Returning to FIG. 2, the seal 17 may be biased toward the seal carrier 12 by the seal spring 60, as discussed above. In one embodiment, the seal spring 60 may include a wire filament coiled about the plunger 14 to form a plurality of coils 64 that encircle the plunger. Each coil 64 may have an inner surface 61 facing the plunger 14 and an outer surface 62 facing away from the plunger. In other embodiments, the seal spring 60 may have other shapes that also bias the annular seal 17 toward the seal carrier 12.

It has been found that the seal springs may flex transverse to the axis of the plunger 14 and rub against either the plunger or the collar 50. Accordingly, the seal springs may wear down and may place an uneven load on the seals against which the seal springs bear, causing the seals to leak. Alternatively, the seal springs may cause either the collar 50 or the plunger 14 to wear, reducing the useful life of these components.

One approach to addressing the spring wear problem has been to increase the size of the bore through the collar 50, reducing the likelihood that the outer surface of the seal springs will contact the inner surface of the bore. One problem with this approach is that the seal springs may flex transversely by a greater amount when positioned in the larger bore. Therefore, even if the outer surface of the seal spring does not contact the inner surface of the bore, the inner surface of the spring may be more likely to contact the plunger 14, causing the seal spring and the plunger to wear and placing an uneven load on the seal.

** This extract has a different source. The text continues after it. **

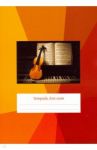 Тетрадь для нот "Скрипка на клавиатуре" (12 листов, А4, вертикальная, на скрепке)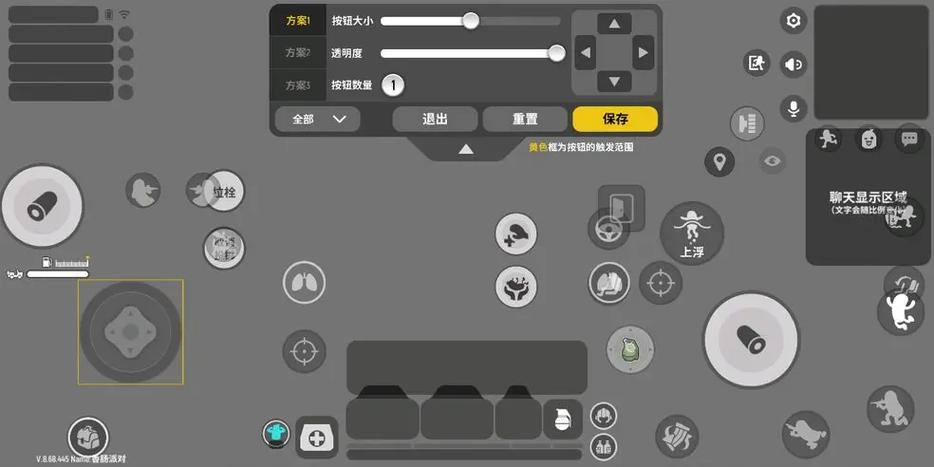 香肠派对螺旋仪怎么用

Accordingly, in one embodiment of the present invention, the annular seal 17 may include a body 28 and an annular flange portion 54. The flange portion 54 extends away from the body concentric with the seal spring 60, the plunger 14 and the annular seal 17, and engages the outer surface 62 of the seal spring. For example, the flange portion 54 may have an engaging surface 56 that engages two of the coils 64 of the seal spring 60. Accordingly, the engaging surface 56 may be curved to correspond to the curved shape of the coils 64. In other embodiments, the engaging surface 56 may engage more or fewer coils 64 and/or other portions of the seal spring 60, as is discussed in greater detail below with reference to FIGS. 4-9. In further alternate embodiments, the engaging surface 56 may engage seal springs 60 having shapes other than the axisymmetric coiled shape shown in FIG. 2.

An advantage of the seal 17 and the flange portion 54 is that they may engage the outer surface 62 of the seal spring 60 and restrict motion of the seal spring transverse to the axis of the plunger 14. Accordingly, the seal spring 60 may be less likely to contact the plunger 14 and/or the collar 50, potentially increasing the life of the plunger, the collar, and the seal spring. Furthermore, by reducing friction between the seal spring 60, the plunger 14, and the collar 50, the heat generated in the cylinder 24 may be reduced, thereby increasing the life of the seal 17.

As shown in FIG. 2, the collar 50 may include a flange portion 54a having an engaging surface 56a. The engaging surface 56a may be positioned to engage the outer surface 62 of the seal spring 60, opposite the portion of the seal spring engaged by the engaging surface 56 of the seal 17. By engaging the outer surface 62 of both ends of the seal spring 60, the collar 50 and the seal 17 may together further reduce the likelihood that the seal spring 60 will move transverse to the plunger 14, and may further increase the life of the components of the seal assembly.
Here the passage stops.